Deeds and Conveyances
A confirmatory instrument is, in effect, an explanation and correction of an error in a prior instrument. As such, it passes no title. See Scaplen v. Blanchard, 187 Mass. 73, 72 N.E. 346 (1904).
However, although it said that a confirmatory deed passes no title, that rule applies when the grantor in the confirmatory deed purports to correct or explain something in the prior deed executed by him or her, or to give the new deed in substitution of a lost earlier deed If the deed is "original," albeit labeled "confirmatory," title no doubt passes thereunder, for the deed must be construed most strongly against the grantor, and will be interpreted to pass all interests that the grantor may have, unless specifically excepted. See Patton on Title, West Publishing Company (1957), Section 213, et. seq.
There are limits to the use of confirmatory deeds. For example, if the confirmatory deed attempts to substitute a new grantee (as opposed to correcting the spelling of the grantees name) or attempts to reduce the amount of property which was intended to be conveyed, the confirmatory deed would be suspect. In other words, if the grantor tried to use a confirmatory deed to "take away" something included in the first conveyance (i.e., to eliminate a lot or some other land that was described in that conveyance or to add or strike the name of a grantee, or even perhaps change the tenancy) the confirmatory deed would not accomplish this result.

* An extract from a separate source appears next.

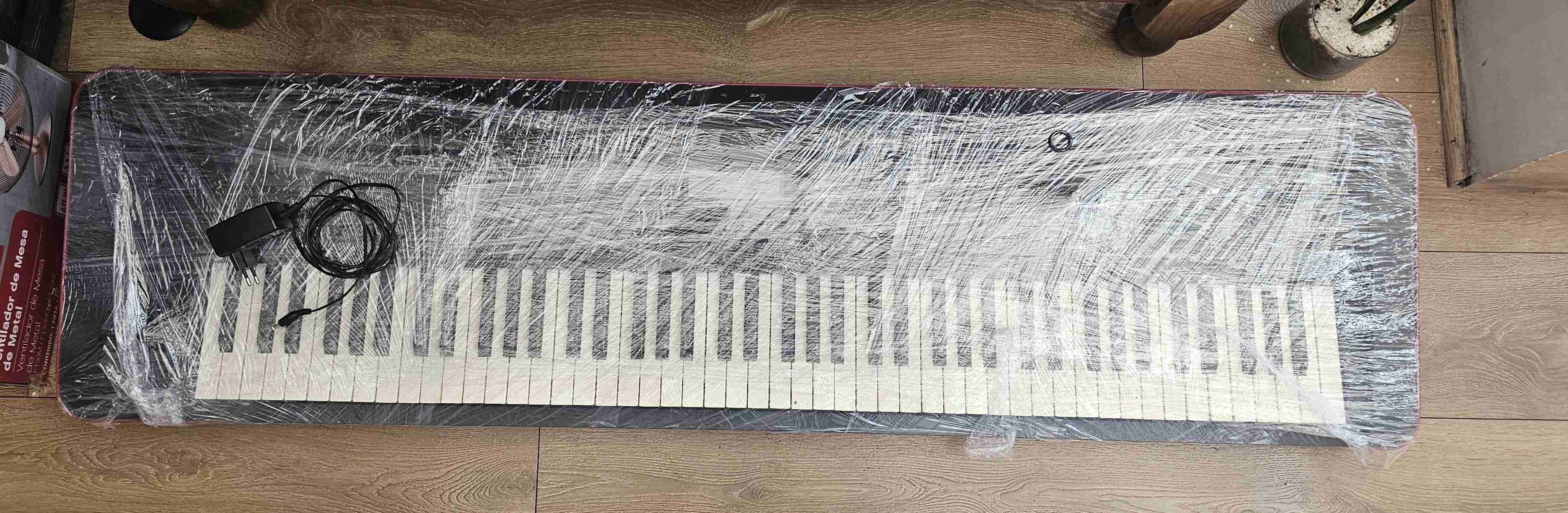 Sintetizador edición limitada 88 teclas KORG - miniatura 3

Sometimes when a confirmatory deed is given the grantees, whose deed is being confirmed, have (or may have) already parted with the title and conveyed it to a third person. If the confirmatory deed names only the original grantees the title might be considered as getting "stuck" in them and not flowing to the new owner. By the same token, it sometimes becomes unmanageable to run out the grantees to see who the present owners are—especially if the original grantees are developers who created a subdivision and sold off many lots. To resolve this, and to make sure the title gets where it should go, the deed should name the original grantees, after which this language should be added following their names: " . . . and to those persons claiming by, through or under [him] [her] [them] by instruments of record." This language will "force" the title down the chain. See Mendler,Massachusetts Conveyancer's Handbook with Forms, The Lawyers Cooperative Publishing Company (Fourth Edition, 1984), §18.5.

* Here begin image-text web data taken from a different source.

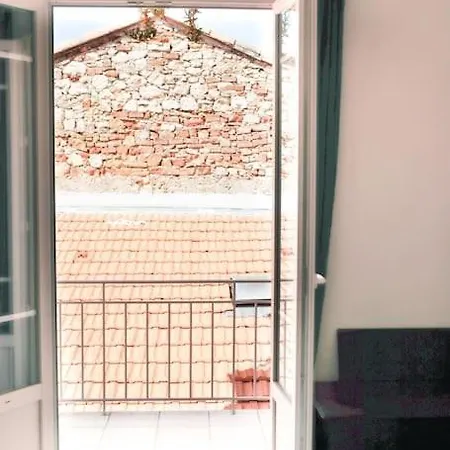 Le Rostan Deux Chambres Avec Balcons Apartment Antibes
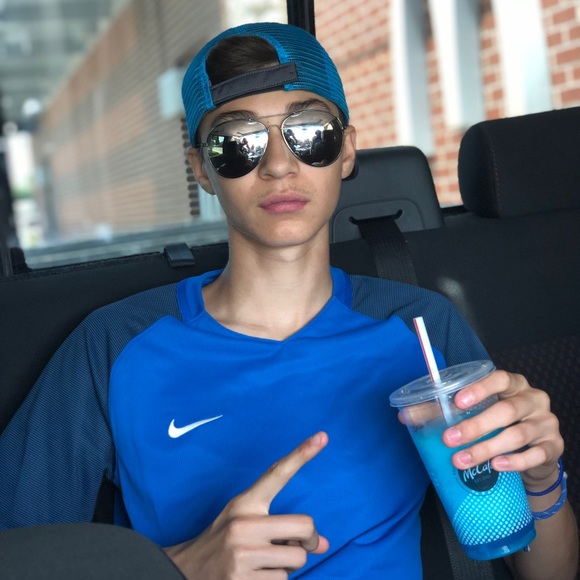 Meet your Posher, Louis - Picture 1 of 1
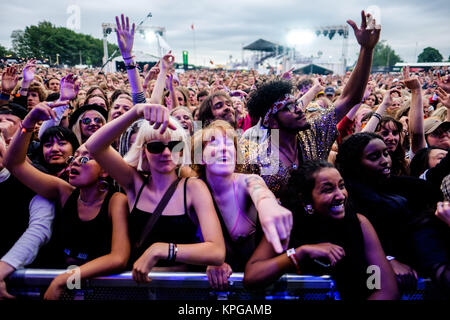 Le Danemark, Roskilde - Juin 29, 2017. Festivaliers fréquentent l'un des nombreux concerts au cours de la Danish music festival Festival de Roskilde en 2017. Banque D'Images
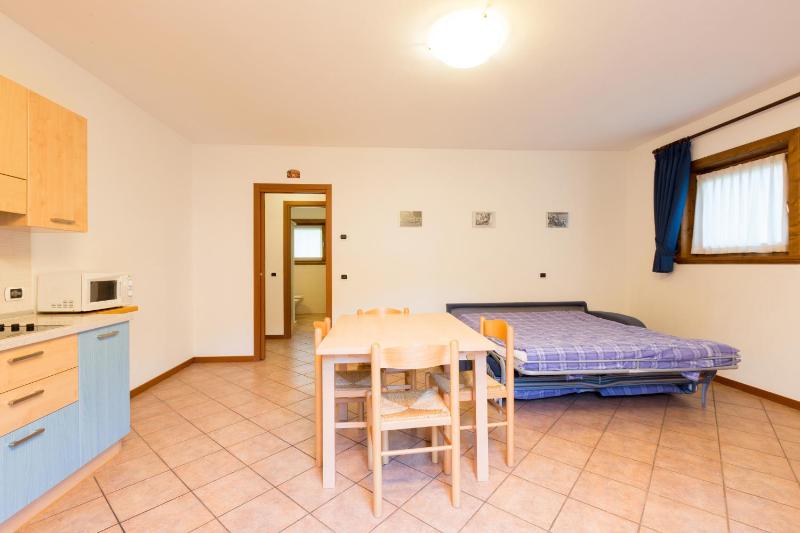 One-Bedroom Apartment image 3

1 This is important in such instances as, for example, conveyances that concern agricultural and horticultural land under G.L.c. 61A. If a confirmatory deed in fact passed title, it could "restart" the waiting periods concerning, or the tax liability imposed for the conveyance tax. Fortunately, in this regard the statute specifically excludes "deeds which correct, modify, supplement or confirm a deed previously recorded."